Data Start Marker

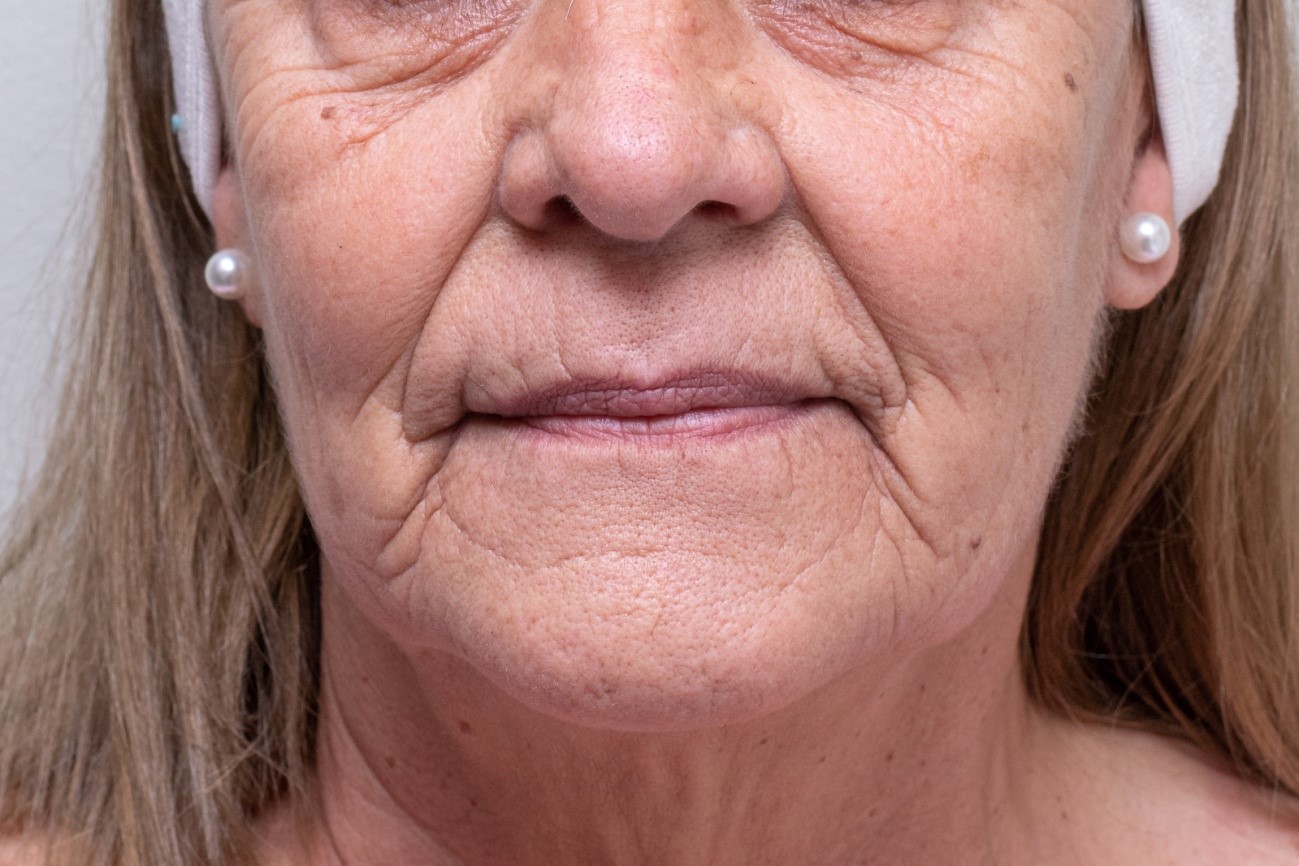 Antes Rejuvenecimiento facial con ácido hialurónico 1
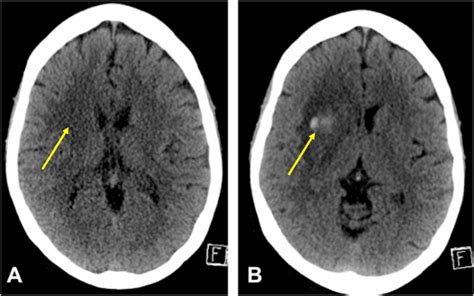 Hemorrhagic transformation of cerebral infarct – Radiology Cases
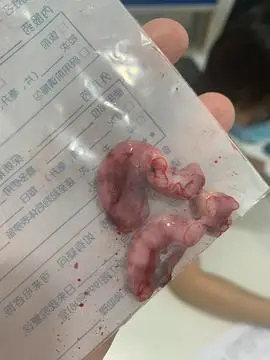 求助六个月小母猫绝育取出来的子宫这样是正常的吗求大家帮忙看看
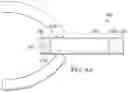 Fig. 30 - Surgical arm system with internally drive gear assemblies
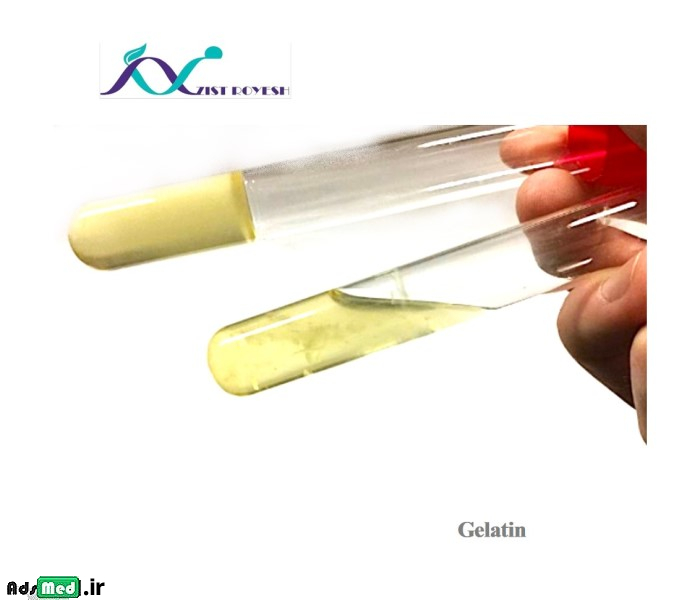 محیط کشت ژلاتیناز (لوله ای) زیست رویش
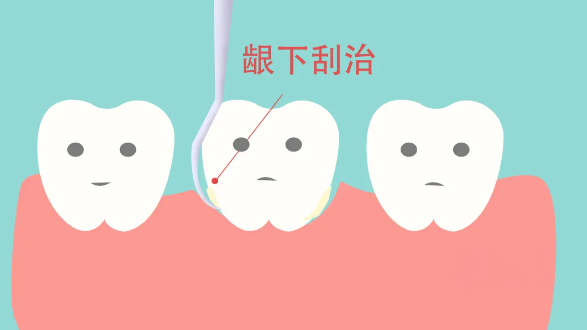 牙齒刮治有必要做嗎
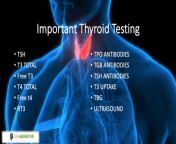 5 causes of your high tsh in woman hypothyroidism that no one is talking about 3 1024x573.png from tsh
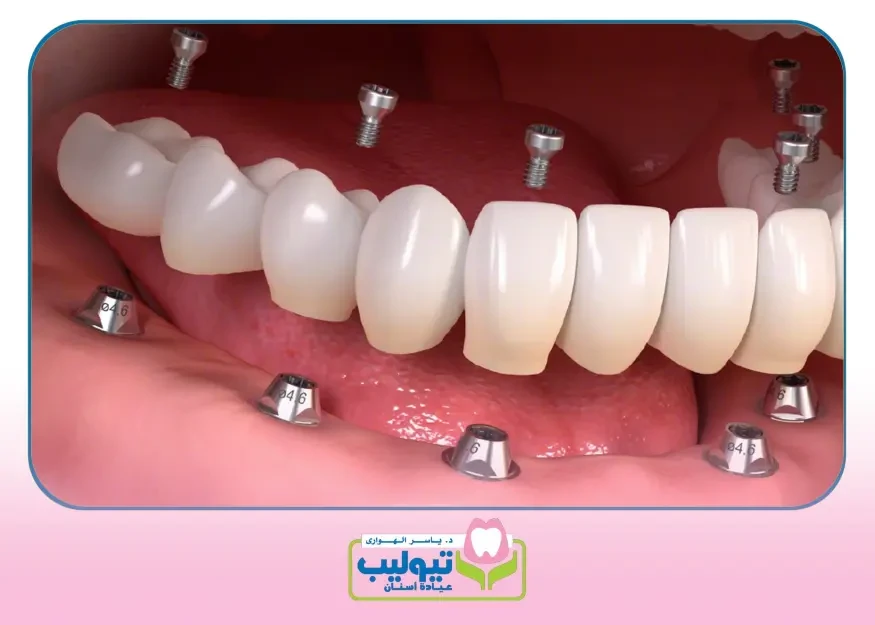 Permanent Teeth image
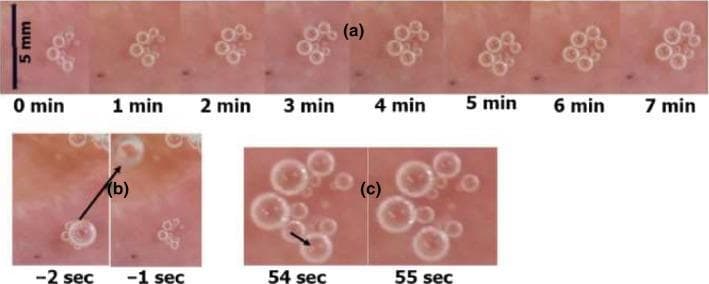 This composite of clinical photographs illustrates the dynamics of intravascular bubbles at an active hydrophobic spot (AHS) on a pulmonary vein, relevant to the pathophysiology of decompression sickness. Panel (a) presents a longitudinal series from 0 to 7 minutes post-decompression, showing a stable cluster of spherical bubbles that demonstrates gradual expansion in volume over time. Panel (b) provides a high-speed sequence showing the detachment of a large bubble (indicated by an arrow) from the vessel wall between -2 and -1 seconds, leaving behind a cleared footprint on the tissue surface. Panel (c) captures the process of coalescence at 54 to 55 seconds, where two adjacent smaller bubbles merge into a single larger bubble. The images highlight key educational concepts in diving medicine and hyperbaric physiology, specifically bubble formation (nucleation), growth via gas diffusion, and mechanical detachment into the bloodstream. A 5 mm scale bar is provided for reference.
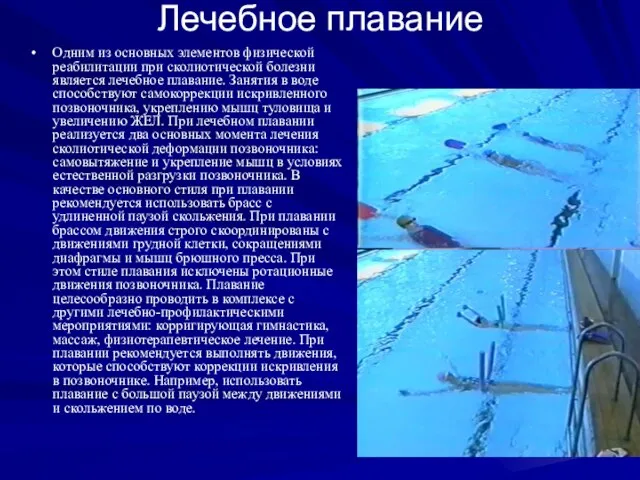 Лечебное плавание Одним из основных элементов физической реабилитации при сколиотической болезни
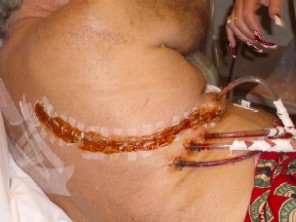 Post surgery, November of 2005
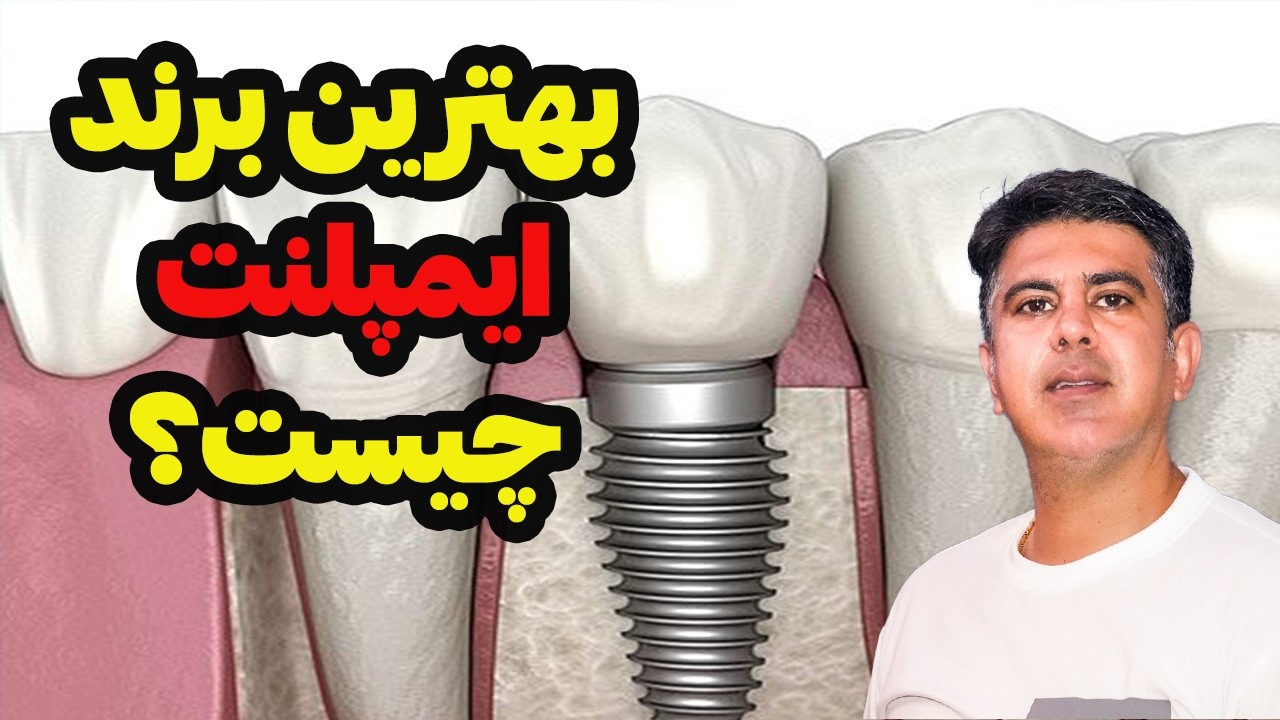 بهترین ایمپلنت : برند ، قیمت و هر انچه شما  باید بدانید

Data End Marker

Problem to work on:
Although the records above contain pictures, the copy must not; set down exactly the lines from the one with "5 causes of" up to and including the one with "Лечебное плавание Одним".

Your solution:
 5 causes of your high tsh in woman hypothyroidism that no one is talking about 3 1024x573.png from tsh
 Permanent Teeth image
 This composite of clinical photographs illustrates the dynamics of intravascular bubbles at an active hydrophobic spot (AHS) on a pulmonary vein, relevant to the pathophysiology of decompression sickness. Panel (a) presents a longitudinal series from 0 to 7 minutes post-decompression, showing a stable cluster of spherical bubbles that demonstrates gradual expansion in volume over time. Panel (b) provides a high-speed sequence showing the detachment of a large bubble (indicated by an arrow) from the vessel wall between -2 and -1 seconds, leaving behind a cleared footprint on the tissue surface. Panel (c) captures the process of coalescence at 54 to 55 seconds, where two adjacent smaller bubbles merge into a single larger bubble. The images highlight key educational concepts in diving medicine and hyperbaric physiology, specifically bubble formation (nucleation), growth via gas diffusion, and mechanical detachment into the bloodstream. A 5 mm scale bar is provided for reference.
 Лечебное плавание Одним из основных элементов физической реабилитации при сколиотической болезни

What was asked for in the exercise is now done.